May 15, 2009

Random Musing: Man Ray


To the right is the photo (special thanks to Antoine Alary - @², © 2009) that inspired this random musing. In fall 2008, I took a course on French film at Vanderbilt. Taught by Professor Lynn Ramey, the course began with the Surrealist movement in film. The examples she proffered included "Le Ballet Mécanique" by Fernand Léger, Vigo's "Zéro de Conduite," and Buñuel/Dalí's "Un Chien Andalou," one of my favorites. The other example, "Le Retour à la Raison," is by an American (Who knew?!) artist in Paris, Man Ray (born Emmanuel Radnitzky in Pennsylvania in 1890). The son of Russian-Jewish immigrants, he changed his name to Man Ray in 1912 and moved to the Montparnasse area of Paris in 1921. In the '20s, Man Ray took up with Kiki de Montparnasse, a model and muse who appeared in several of his films and hundreds of his paintings. One of these films was, you guessed it, 1923's "Le Retour à la Raison," which left a huge impression on me as a student of film...

*TO SEE BEN'S FILM, YOU MUST CLICK "READ MORE!"*

This is Man Ray's film, for those of you unfamiliar with it:



At the end of the semester, our class was assigned a project. Reanne Zheng, Natalie Jones, and I chose to make a film based on Man Ray's influential work. We called it "La Perte de la Raison":



These are the words to explain our film (written 12/11/08):

The inspiration for our surrealist film comes directly from Man Ray’s 1923 “Le Retour à la Raison.” While the original film mocks the idea of “reason” with its juxtaposed senseless images and prominent surrealist themes, our film, “La Perte de la Raison” has been created as an homage and as a pastiche of that film. With the inception of his “rayograph” with “Le Retour,” we have also tried to mimic its effect for our film. Our film almost replicates the original film by timing, pace, image, and editing, but with some notable exceptions. While “Le Retour” prominently features a carousel, a poster for a dancer, and a spinning object, our film has added similar objects—a string of lights that mimics the carousel lights and a turning object with its shadow projected on the wall, in the style of the spinning object. To the original surrealist themes of chance and desire, we have also added some new elements of our own to fit our own modern-day criticisms. For example, we added a confusion of gender identity to contribute a contemporary taste of controversy.

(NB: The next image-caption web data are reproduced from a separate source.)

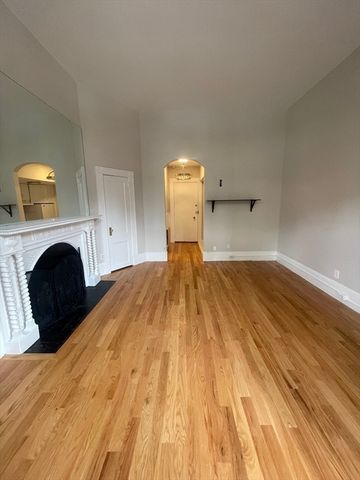 271 Dartmouth St 1L, Boston, MA 02116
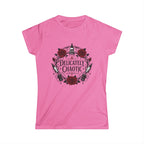 Delicately Chaotic Tee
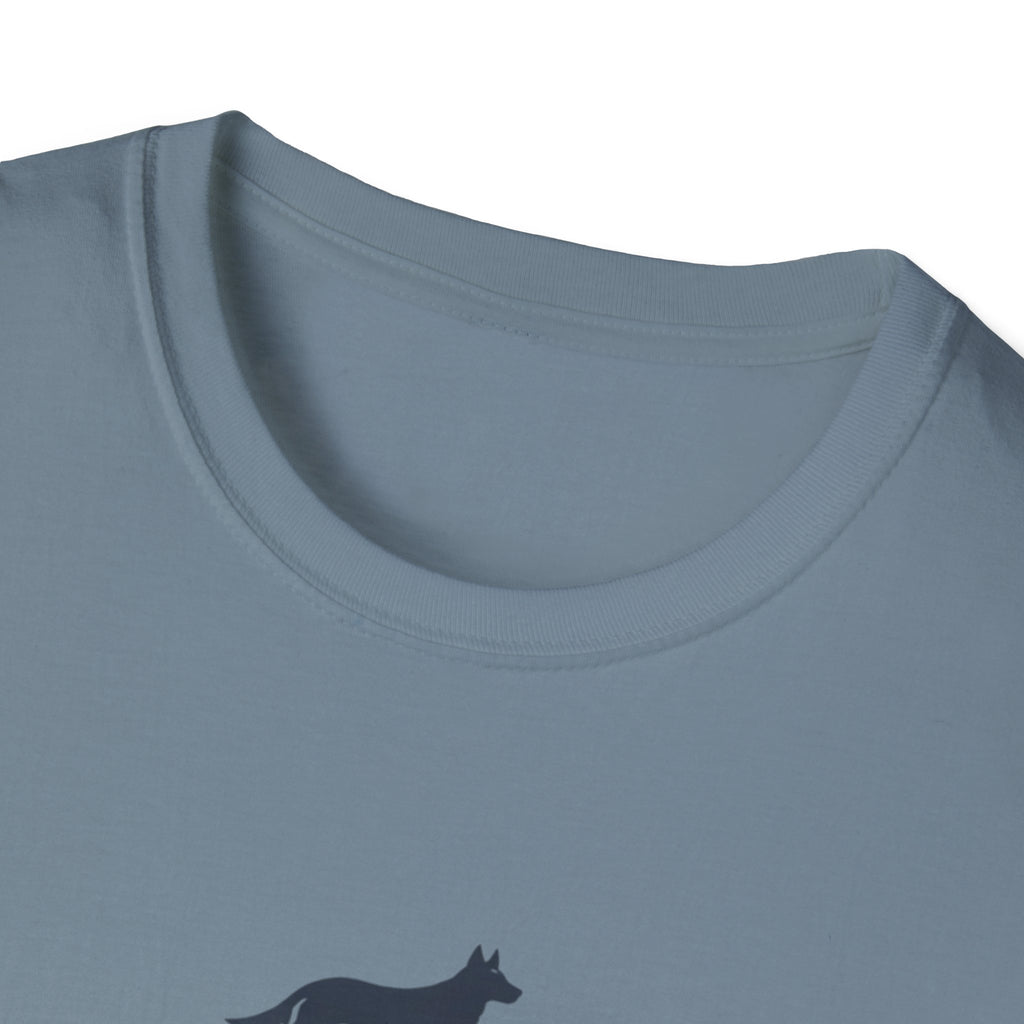 Sets the pace T-Shirt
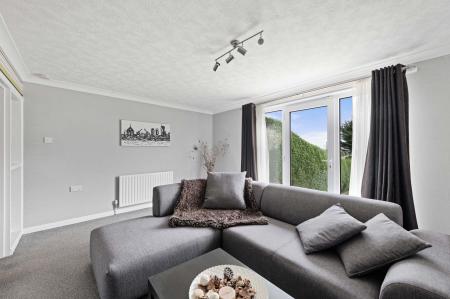 5 bedroom Detached house for sale in St. Andrews Drive, Skegness, PE25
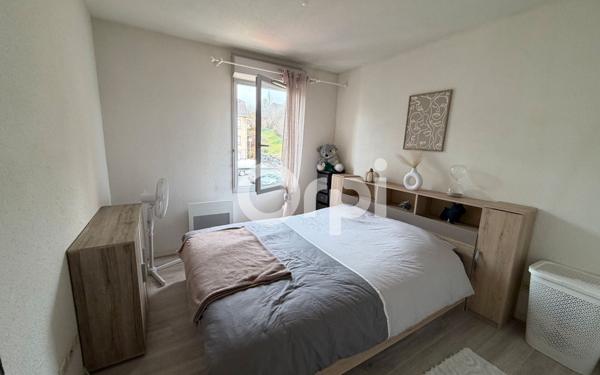 Appartement à louer    2 pièces • 44,15 m2 Brive-la-Gaillarde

In summary, we hope that viewers will quickly recognize the many allusions to the original film and furthermore be able to recognize that we understand the concepts behind the surrealist films of the 1920s.
Now imagine my surprise when I learned something new about "Le Retour à la Raison" that I had not realized. Taken directly from the write-up in the photo above:
In the 1923 silent short of this name, Man Ray filmed barely discernable Parisian nighttime scenes, his own mystery-laden photograms, and conglomerations of spiraling or gyrating objects--a sequence of near-total abstractions seemingly devoid of sense or purpose. The "return to reason" came finally in the form of an attractive woman's torso (modeled by cabaret personality Kiki of Montparnasse), turning to and fro beside a rain-specked windowpane: a congruence between abstraction and carnality. Man Ray fixed the enchanting finale, as well as other moments in the film, as photographs, singly and in strips. The innovative dialogue between the still and moving image (a film made from photographs, then "returned" to photography) also involved a conversation between photography onscreen and in print. This particular still, for example, appeared as an autonomous image the following year, in the first issue of La Révolution surréaliste.
I should have realized... Man Ray's self-titled "rayographs," the fuzzy negative images of nails and such, are photographs! His film is composed of photographs (and spinning things, of course)! But how did I not realize his film was made of photographs?! I suppose our film, then, is not quite a perfect shot-for-shot replication of Man Ray's "Retour à la Raison," at least not as perfect as we would have liked.

The information I was able to learn on Man Ray because of the photo has become invaluable, though. I had never thought of the nude woman's torso as being a "return" to reason—to the flesh. Our film's "loss of reason" is, curiously, because of the flesh. In our society, even flesh has been bifurcated into strictly male and female, though flesh is flesh. Perhaps I have stumbled onto something... Maybe there is a message in our film, "La Perte de la Raison," that I had never realized! Maybe the loss of reason is, as we intended, the blurring of social constructions, but maybe the loss is, furthermore, because of the blurring of the meanings of flesh. In this way, our film is the true loss of reason—symbolic order—and Man Ray's film is the true return to reason—return to order, to the flesh, to what we know. How very interesting...

And if you had not guessed, this publishing of the photo was just so I could have an excuse to talk about Man Ray! (And so you could see the film we made and that I am actually capable of filmmaking, not just blabbing about films.)